Representative Thomas later said he supports subvention if “structured in a way that does not add costs to the Medicare fund.” He blamed the demise of a military subvention test in 1996 on "complications" created "when the Veterans Committee attempted to attach a Veterans Affairs subvention proposal to the Department of Defense legislation." Representative Thomas probably felt that "this whole thing had bypassed him, and he wanted his imprint on it," Representative Hefley said. He promised to reintroduce subvention legislation this year
The Pentagon intends to back that effort, but meanwhile it's moving ahead with plans to jury-rig its own subvention test That means Medicare eligibles living near selected military medical centers will be invited as early as February to enroll for a year in Tricare Prime, the military's new managed care program. The size of enrollment is expected to be limited to less than half the number of elderly able to access the selected medical centers on a space-available basis. Enrollment will be oil a first-come, first-served basis, but won't begin until the program is announced in each area. Sites selected for the test were; Madigan Army Medical Center, Fort Lewis, Washington; San Diego Naval Medical Center, California; Keesler Medical Center, Biloxi, Mississippi; Wilford Hall Medical Center at Lackland Air Force Base and Brook Army Medical Center at Fort Sam Houston, both in San Antonio, Texas; Eisenhower Army Medical Center, Fort Gordon, Georgia; and the Army Hospital at Fort Sill, Oklahoma.

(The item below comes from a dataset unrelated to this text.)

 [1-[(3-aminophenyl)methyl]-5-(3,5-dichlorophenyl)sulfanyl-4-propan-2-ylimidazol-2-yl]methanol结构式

The drawback of a subvention test not approved by Congress is that there will be no Medicare reimbursements flowing into Defense coffers. That also means Medicare eligible enrollees won't get the full benefit of low-cost care under Tricare Prime. Here is how the plan will work: Only persons with Medicare Part B coverage will be allowed to enroll but will not pay the Tricare annual enrollment fee of $230 per individual, $460 for family coverage. Medicare eligibles would agree to seek all their care through a military primary-care manager.
"The benefit is they will have priority access to the military treatment facility, not just space-available care," a Defense health official said. The rub will come when care managers can no longer find space in a military facility and refer patients to civilian care providers in the network. Unlike other Tricare participants, Medicare eligibles won't face only a small copayment. The care provider will bill Medicare at regular fee-for-service rates, and patients who lack supplemental health insurance will pay all costs not covered by Medicare.
The number of enrollees will be constrained by the availability of primary-care managers. Still, the test should serve its main purpose, which is to track and compare military costs in treating Medicare eligibles with costs reported by Medicare for similar care given to private sector patients in the same area.
"We'll actually have real data rather than saying 'Trust us.” We hope to show we can operate more efficiently," said the Defense official. "That's our big gain."